Inicialmente, a natação era utilizada como processo terapêutico para indivíduos cegos, entretanto, com o tempo, passou a ser encarada como um meio de competição. Isso porque, devido as suas regras, formato e características, é uma modalidade que permite a inserção do deficiente visual no esporte tanto como uma atividade prática, quanto competitiva.
História:
Nas Paraolimpíadas, as competições de natação envolvendo deficientes visuais foram iniciadas em 1980, nos Jogos de Arnhem, na Holanda. A estréia brasileira em competições internacionais ocorreu em 1986, com o nadador cego Mário Júnior, no VII Campeonato Mundial para Deficientes, realizado na Suécia.
O Brasil teve participação com atletas deficientes visuais na natação em quatro Paraolimpíadas: Atlanta (1996), Sydney (2000), Atenas (2004) e Pequim (2008). O destaque das participações paraolímpicas brasileiras vai para Fabiana Harumi Sugimori, atleta com cegueira, que conquistou medalha de ouro nos 50m livre em Sydney e Atenas, e medalha de bronze nos 50m livre em Pequim.
Regras:
Em geral, as regras da natação para deficientes visuais, são as mesmas da natação convencional, só sofrendo algumas modificações em relação à largada, chegada e orientação dos nadadores.
A piscina utilizada é a olímpica, que mede 50m x 22,8m e tem profundidade mínima de 1,98m. É dividida em oito raias de 2,5m de largura cada uma.
O traje usado pelo competidor deve ser apropriado ao esporte, e não deve de forma alguma interferir no desempenho do nadador.
O árbitro tem a função de atuar como um fiscal, garantindo que o regulamento para a condução da prova seja seguido. Qualquer irregularidade desclassifica o competidor.
O controle de tempo é realizado por aparelhos eletrônicos com precisão de centésimos de segundos. O cronômetro é iniciado após o apito inicial do juiz, marcando o tempo decorrido e as parciais do nadador.
São praticados os mesmos quatro estilos da natação convencional: Crawl (livre), Costas, Peito e Borboleta. A associação destes quatro estilos denomina o Medley, também realizado em competições.
Atetas com cegueira total são obrigados a utilizar óculos opacos, que não permitem a passagem de luz, assim como o auxilio de tappers em cada borda da piscina. Tappers são pessoas posicionadas na borda da piscina, nas duas extremidades da raia onde compete o atleta cego e que têm a função de tocá-lo com um bastão para informar a proximidade da borda.
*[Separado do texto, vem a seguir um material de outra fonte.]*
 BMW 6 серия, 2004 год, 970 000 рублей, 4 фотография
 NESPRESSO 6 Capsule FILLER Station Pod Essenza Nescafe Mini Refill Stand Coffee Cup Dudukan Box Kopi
Nos estilos peito e borboleta, os nadadores com deficiência visual podem ter dificuldade de fazer o toque simultaneamente na virada e na chegada se estiverem muito próximos à raia. Desde que o nadador não ganhe vantagem injusta, o toque não simultâneo será permitido.
Natação na Urece
A natação na Urece existe graças a uma parceria com o America Futebol Clube. Liderados pela técnica Gabriela Rodrigues, os dez atletas da modalidade treinam de segunda a sexta, na piscina olímpica do clube.